Is this a bit too simplistic, or yet another manifestation of "retrospective determinism"? It can as well be argued that the prospect of rising rates means lower bond (and equity) prices, which should lead to a flight of capital from US markets - and a lower dollar.

It seems to me that the real causes underlying the dollar's appreciation are two speculative strategies used by currency traders: momentum trading against the euro and the yen (buying an appreciating currency, selling a falling one); and reversal of carry trades (borrowing low interest dollars and investing in higher yielding emerging market bond markets.

Even Japanese housewives, "Mrs Watanabes", seem to be indulging in such trades).

Markets are supposed to be "efficient" in reflecting the underlying fundamentals and allocating capital to countries and companies, which are expected to give the highest returns.

One corollary of the efficient market theory is that, in efficient markets, prices fluctuate randomly around the equilibrium or intrinsic values.

In fact, most of the models in quantitative finance such as the value at risk model, the Black-Scholes option pricing model etc are based on random fluctuation of prices, with price changes conforming to the Gaussian, "normal" distribution.

Basel III models for capital adequacy are based on the same assumption: in a way, this is ironic because the pre-crisis regulatory framework was based on the same models which, as former US Federal Reserve chairman Alan Greenspan confessed later, "in September 2008, those venerated models suddenly stopped working.

The whole period upset my view of how the world worked - the models failed at a time when we needed them most… and the failure was uniform" (quoted in "Crash Course" by Gillian Tett, Financial Times, October 25, 2013).

According to a study published in the Bank for International Settlements Quarterly Review, December 2011, momentum trading and carry trades are the two most popular and successful trading strategies in global currency markets.

Neither should work if markets were "efficient".

The success of momentum trading suggests that price changes are not random; they often display auto-regression, one day's price change influencing the next day's.
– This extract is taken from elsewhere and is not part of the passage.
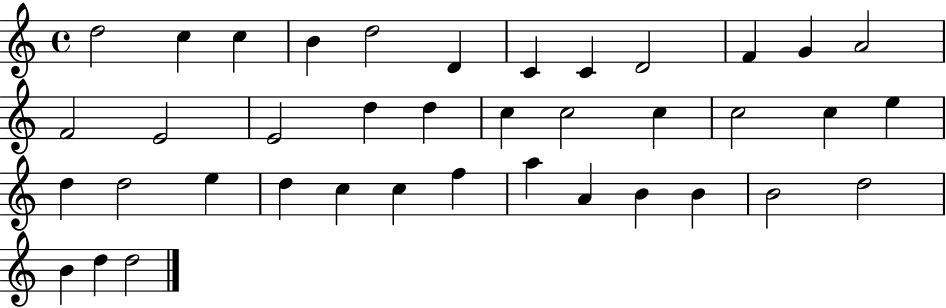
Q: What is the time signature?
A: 4/4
Simple rules such as technical analysis, based on published and available information, can make money, as banks' trading profits evidence.

Nor should carry trades: from first principles, the equilibrium exchange rate between two currencies is such as to equate the purchasing power of the two currencies in the two markets.

Therefore, to maintain purchasing power parity, currencies of high inflation countries should depreciate against those of low inflation economies: so carry trades should not work.

That the strategies work most of the time suggests that markets are driven not so much by fundamentals as by speculation, not by investors but by traders.

The result of the highly speculative market is that "exchange rates do overshoot compared with the levels that are consistent with underlying fundamentals... also because of the self-fulfilling nature of investors' expectations, and the herd behaviour that influences aggregate market developments.

Overshooting is the rule rather than the exception, and is very difficult to mitigate" ("Why the currency-war deniers are wrong" by Lorenzo Bini Smaghi, A-List, Financial Times, 2013). To put it differently: "Economic theory is that of the rational economic man.

The reality is that herd mentality, impulse buying and insufficient research underlie decision-making more than rationalism.

The result is that exchange rates deviate far from their equilibrium values" (quote from a letter by Saro Agnerian in The Economist, March 9, 2013).

The likelihood of higher interest rates in the US is based on expectation of higher inflation at a time when both the euro zone and Japan continue to experience price deflation.

On economic fundamentals therefore, the dollar (and the rupee) should be depreciating, and not appreciating, against the euro and the yen.

But who am I to challenge the wisdom of the almighty markets and central banks?